Advocates are working with the U.S. Department of Health and Human Services’ Center for Medicare and Medicaid Services (CMS) and encouraging the agency to provide vigorous oversight over states to ensure people are not removed for technicalities. For example, they want states to use already existing data to determine eligibility – such as checking to see if recipients qualify for means-tested benefits such as SNAP or SSI. They want CMS to require states to meet a certain standard of performance for response time for people seeking to confirm their eligibility by phone – right now, reports have surfaced of people waiting hours and hours on hold. Advocates are pressing for adequate translation services. And they also want Medicaid managed care providers and community health center staff to be allowed to assist patients in filling out the forms. Most important, they want CMS to require states to place a hold on terminations if they do not meet basic standards for service. 

Some states are doing better at carrying out the redeterminations. In Pennsylvania 68 percent of those reviewed had their eligibility renewed; 18 percent were confirmed ineligible and only 14 percent were dropped for procedural reasons. In contrast, in Arkansas only 49 percent were renewed, 10 percent were confirmed ineligible and a whopping 44 percent were denied for procedural reasons. CMS should be holding all states to standards that reduce denials for incomplete paperwork. 

In one state, the Medicaid redeterminations are potentially coming into conflict with lawmakers’ decision to greatly expand the program. Earlier this spring, North Carolina became the latest state to approve Medicaid expansion, following South Dakota, where expansion takes effect July 1. But in North Carolina’s case, even though the expansion law is on the books, expansion cannot happen until the state budget is approved – which may not occur until very late this year. That means hundreds of thousands of North Carolinians may find themselves losing benefits only to regain them months later – if they know to apply. 
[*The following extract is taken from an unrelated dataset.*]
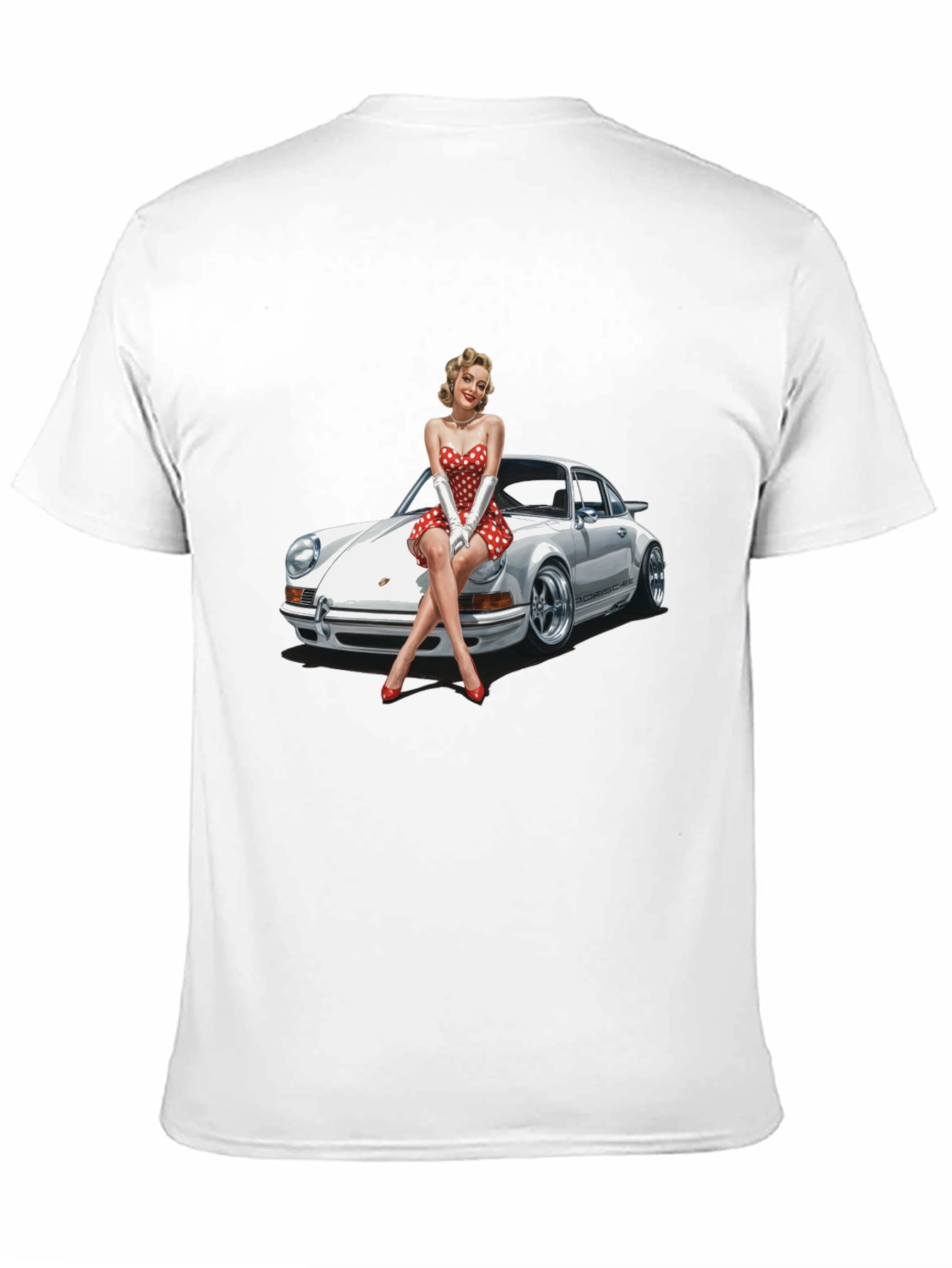 Retro Porsche Pin-Up T-Shirt - Classic Car Style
“There’s going to be a lot of people falling through the cracks, even in the best of situations,” David Anderson, a researcher at Duke University’s Margolis Center for Health Policy, told NC Health News. “And since we’re going to have a gap between redetermination starts and when expansion starts, it’s not the best situation.” 

Anderson said the challenge of redeterminations is made more complicated because of who Medicaid benefits. 

“Our Medicaid population, as a class, is either very old, very sick, or very poor or kids,” Anderson said. “It’s a population that historically, when they’re faced with the substantial compliance cost of filling out paperwork correctly, there’s going to be errors.”